### Given records
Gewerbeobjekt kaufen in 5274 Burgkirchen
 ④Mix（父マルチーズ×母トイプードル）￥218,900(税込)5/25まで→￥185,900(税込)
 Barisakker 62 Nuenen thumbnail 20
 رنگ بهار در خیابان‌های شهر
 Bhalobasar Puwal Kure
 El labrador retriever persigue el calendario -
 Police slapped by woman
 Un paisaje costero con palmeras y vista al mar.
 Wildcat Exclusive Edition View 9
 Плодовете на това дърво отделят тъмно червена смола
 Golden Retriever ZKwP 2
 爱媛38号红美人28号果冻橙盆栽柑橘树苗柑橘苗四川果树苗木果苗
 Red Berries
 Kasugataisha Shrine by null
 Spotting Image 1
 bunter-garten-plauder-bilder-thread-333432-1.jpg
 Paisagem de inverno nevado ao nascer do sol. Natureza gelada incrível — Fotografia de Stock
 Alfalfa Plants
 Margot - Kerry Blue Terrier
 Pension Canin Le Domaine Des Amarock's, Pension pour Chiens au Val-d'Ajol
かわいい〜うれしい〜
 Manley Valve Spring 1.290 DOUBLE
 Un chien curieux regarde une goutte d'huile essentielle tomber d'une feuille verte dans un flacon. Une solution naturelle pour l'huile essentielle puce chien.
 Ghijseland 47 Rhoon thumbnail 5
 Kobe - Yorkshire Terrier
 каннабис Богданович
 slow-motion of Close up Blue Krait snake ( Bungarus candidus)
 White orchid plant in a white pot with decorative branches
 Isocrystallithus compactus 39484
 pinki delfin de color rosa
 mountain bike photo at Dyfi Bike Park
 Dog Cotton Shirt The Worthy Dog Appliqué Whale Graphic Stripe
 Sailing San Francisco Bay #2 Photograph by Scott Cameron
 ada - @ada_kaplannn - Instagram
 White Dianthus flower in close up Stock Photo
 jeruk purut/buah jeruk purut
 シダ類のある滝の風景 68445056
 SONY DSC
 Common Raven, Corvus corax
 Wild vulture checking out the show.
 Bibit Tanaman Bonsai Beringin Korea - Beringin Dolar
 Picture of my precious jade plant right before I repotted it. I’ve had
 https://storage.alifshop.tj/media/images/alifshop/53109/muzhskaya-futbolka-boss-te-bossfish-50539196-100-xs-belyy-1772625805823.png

### Activity
Up to the line containing "mountain bike photo at Dyfi Bike Park", skip everything; from that line through the last line above, return each line exactly.

### Solved problem
 mountain bike photo at Dyfi Bike Park
 Dog Cotton Shirt The Worthy Dog Appliqué Whale Graphic Stripe
 Sailing San Francisco Bay #2 Photograph by Scott Cameron
 ada - @ada_kaplannn - Instagram
 White Dianthus flower in close up Stock Photo
 jeruk purut/buah jeruk purut
 シダ類のある滝の風景 68445056
 SONY DSC
 Common Raven, Corvus corax
 Wild vulture checking out the show.
 Bibit Tanaman Bonsai Beringin Korea - Beringin Dolar
 Picture of my precious jade plant right before I repotted it. I’ve had
 https://storage.alifshop.tj/media/images/alifshop/53109/muzhskaya-futbolka-boss-te-bossfish-50539196-100-xs-belyy-1772625805823.png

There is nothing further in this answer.